Nous constatons qu'à certains égards, GW190425 n'est pas comme les autres étoiles à neutrons binaires de notre Galaxie. Alors que la masse de chaque étoile à neutrons est similaire à celles déjà connues, la masse totale est assez différente. La figure 3 montre les masses totales de dix systèmes d'étoiles à neutrons binaires galactiques qui devraient fusionner pendant la durée de vie de l'Univers. Par un ajustement d'une distribution normale  à ces 10 systèmes, nous trouvons que la masse binaire galactique moyenne est d'environ 2,69 fois la masse du Soleil, tandis que la masse de la binaire GW190425 est d'environ 3,4 fois la masse du Soleil. En fait, elle se situe à 5 écarts-types de la moyenne galactique. Cela suggère que ce couple d'étoiles, GW190425, s'est formé différemment des autres binaires galactiques connues.

Il existe deux façons de former une binaire de deux étoiles à neutrons. Une voie est appelée « canal d'évolution binaire isolé à enveloppe commune », où deux étoiles à neutrons se forment lorsque les deux étoiles d'une binaire subissent chacune une explosion de supernova. La deuxième voie est appelée « canal de formation dynamique ». Dans ce scénario, une binaire existe déjà, qui pourrait contenir deux étoiles à neutrons ou une étoile à neutrons et une étoile de séquence principale par exemple. Puis une autre étoile à neutrons rejoint les deux étoiles formant la binaire et expulse l'étoile de masse inférieure, laissant derrière elle une binaire contenant deux étoiles à neutrons. Une origine dynamique est peu probable pour GW190425 car ce phénomène devrait être plus rare, et ne devrait pas contribuer de manière significative au taux de fusion des étoiles à neutrons binaires. Si la binaire GW190425 s'est formé isolément, cela peut signifier que les étoiles à neutrons sont issues d'étoiles à faible métallicité. Ou encore que  lorsque la première explosion de supernova s'est produite et a créé la première étoile à neutrons dans la binaire, la masse de la deuxième étoile (qui n'était pas encore devenue supernova) aurait pu se transférer sur la première étoile à neutrons et la rendre plus lourde. Quoi qu'il en soit, la découverte de GW190425 suggére qu'il existe une population de systèmes binaires d'étoiles à neutrons avec des périodes orbitales inférieures à une heure, qui ne sont pas détectables par les levés électromagnétiques actuels.
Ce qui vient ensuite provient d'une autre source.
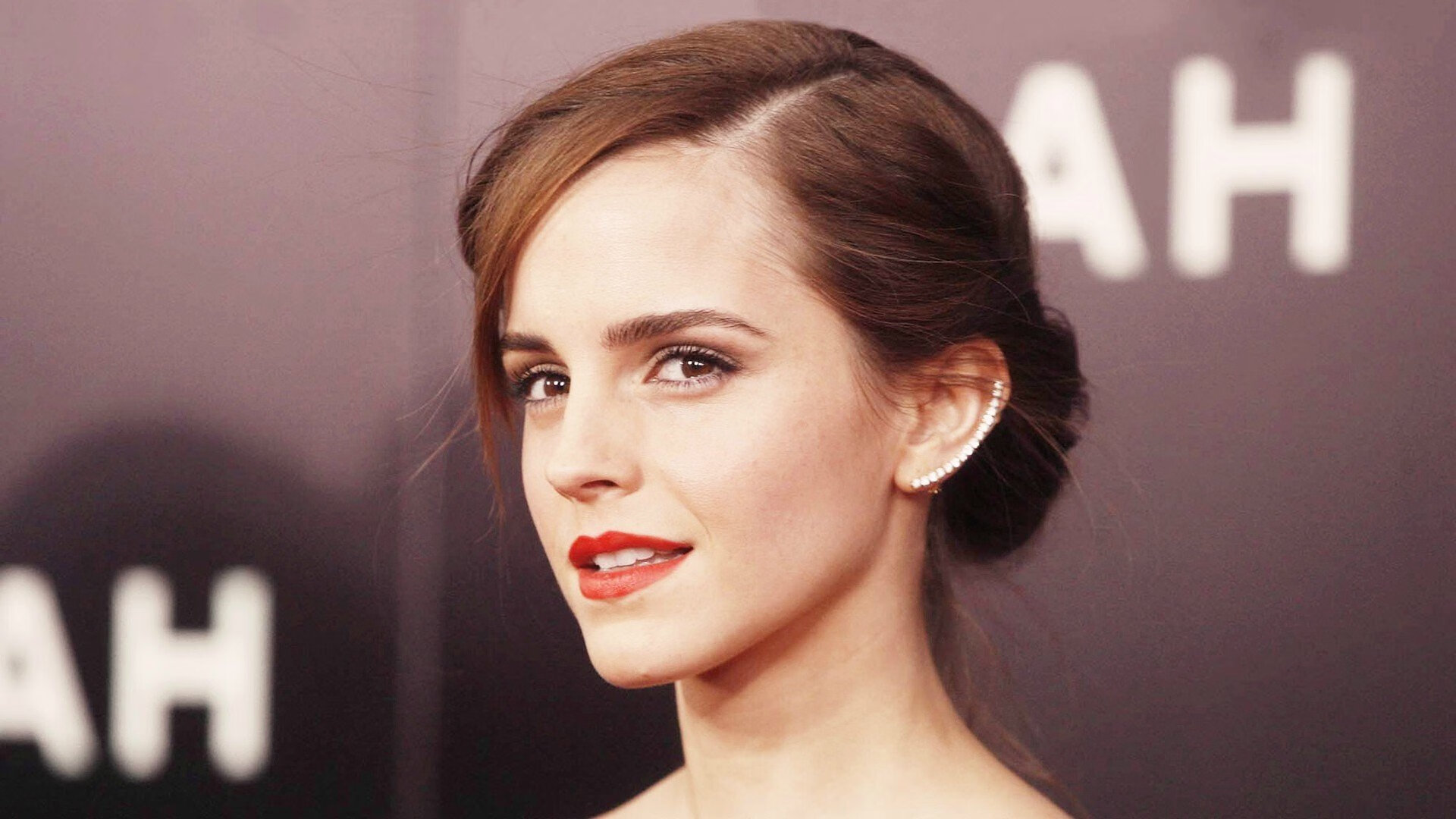 欧洲杯激烈角逐：战术层层推进，精彩纷呈，欧洲杯进阶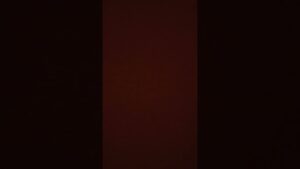 スイカゲームの音楽使ってね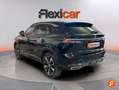MG HS 1.5 Turbo GDI Comfort Negro - thumbnail 4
Nous avons également cherché à savoir à quelle vitesse les étoiles à neutrons tournaient sur elles-mêmes. Malheureusement, nos résultats ne l'indiquent pas avec précision. Mais ils sont compatibles avec des rotations similaires à celles des deux binaires d'étoiles à neutrons galactiques les plus rapides et qui devraient fusionner au cours de la vie de l'Univers, PSR J0737–3039A / B et PSR J1946 + 2052. Dans ce dernier système, un pulsar fait un tour sur lui même toutes les 17 ms.

Enfin, si nous considérons que la découverte de GW190425 est bien celle d'une binaire d'étoiles à neutrons, et combinons ce résultat avec l'autre binaire d'étoiles à neutrons déjà observée (GW170817), nous pouvons estimer le nombre d'étoiles à neutrons qui entrent en collision dans un volume de l'univers chaque année : il se situe entre 250 et 2810 collisions par gigaparsec cube et par an.

Il est probable que GW190425 soit la deuxième observation d'une binaire d'étoiles à neutrons, et elle a révélé des informations nouvelles sur ces objets tout à fait étranges.

 

"GW190425: Observation of a Compact Binary Coalescence with Total Mass ~ 3.4 M ", B.P. Abbott et al. (LIGO Scientific Collaboration and Virgo Collaboration), The Astrophysical Journal Letters, Vol. 892, p. L3 (2020).